## Provided material
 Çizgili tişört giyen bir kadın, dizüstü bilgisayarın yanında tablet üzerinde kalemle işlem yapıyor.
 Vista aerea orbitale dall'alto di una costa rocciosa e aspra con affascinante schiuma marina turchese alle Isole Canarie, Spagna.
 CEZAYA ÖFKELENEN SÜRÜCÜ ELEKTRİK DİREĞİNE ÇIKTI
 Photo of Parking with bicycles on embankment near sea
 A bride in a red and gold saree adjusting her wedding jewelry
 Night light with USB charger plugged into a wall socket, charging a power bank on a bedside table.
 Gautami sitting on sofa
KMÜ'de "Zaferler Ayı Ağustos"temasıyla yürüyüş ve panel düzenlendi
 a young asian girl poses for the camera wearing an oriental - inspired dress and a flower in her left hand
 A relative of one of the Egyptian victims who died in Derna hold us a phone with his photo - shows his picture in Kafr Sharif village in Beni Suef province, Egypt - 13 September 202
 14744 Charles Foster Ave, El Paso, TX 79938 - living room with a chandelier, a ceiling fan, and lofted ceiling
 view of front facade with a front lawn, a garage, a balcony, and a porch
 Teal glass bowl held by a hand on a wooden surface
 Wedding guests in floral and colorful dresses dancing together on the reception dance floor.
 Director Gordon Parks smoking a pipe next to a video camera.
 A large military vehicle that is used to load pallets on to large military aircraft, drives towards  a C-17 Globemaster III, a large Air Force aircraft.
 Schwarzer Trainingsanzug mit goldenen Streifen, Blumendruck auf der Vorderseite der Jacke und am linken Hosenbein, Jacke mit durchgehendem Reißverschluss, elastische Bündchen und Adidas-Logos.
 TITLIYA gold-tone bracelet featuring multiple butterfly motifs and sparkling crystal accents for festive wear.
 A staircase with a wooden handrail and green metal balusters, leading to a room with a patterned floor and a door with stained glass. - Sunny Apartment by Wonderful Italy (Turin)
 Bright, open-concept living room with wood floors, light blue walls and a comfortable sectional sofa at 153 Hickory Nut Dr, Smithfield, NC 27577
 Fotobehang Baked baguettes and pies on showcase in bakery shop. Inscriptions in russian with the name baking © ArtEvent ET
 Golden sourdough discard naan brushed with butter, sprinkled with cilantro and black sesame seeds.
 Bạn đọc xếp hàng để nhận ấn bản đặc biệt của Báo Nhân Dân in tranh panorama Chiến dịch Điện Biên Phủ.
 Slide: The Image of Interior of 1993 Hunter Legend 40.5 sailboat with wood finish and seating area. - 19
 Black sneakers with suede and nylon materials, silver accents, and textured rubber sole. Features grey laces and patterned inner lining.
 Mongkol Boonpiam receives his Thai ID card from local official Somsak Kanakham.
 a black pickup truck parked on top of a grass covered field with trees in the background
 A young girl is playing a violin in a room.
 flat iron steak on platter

## Exercise
Print the lines above from the one with "CEZAYA ÖFKELENEN SÜRÜCÜ" through the one with "A relative of", both included, exactly as written and nothing more.

## Your solution
 CEZAYA ÖFKELENEN SÜRÜCÜ ELEKTRİK DİREĞİNE ÇIKTI
 Photo of Parking with bicycles on embankment near sea
 A bride in a red and gold saree adjusting her wedding jewelry
 Night light with USB charger plugged into a wall socket, charging a power bank on a bedside table.
 Gautami sitting on sofa
KMÜ'de "Zaferler Ayı Ağustos"temasıyla yürüyüş ve panel düzenlendi
 a young asian girl poses for the camera wearing an oriental - inspired dress and a flower in her left hand
 A relative of one of the Egyptian victims who died in Derna hold us a phone with his photo - shows his picture in Kafr Sharif village in Beni Suef province, Egypt - 13 September 202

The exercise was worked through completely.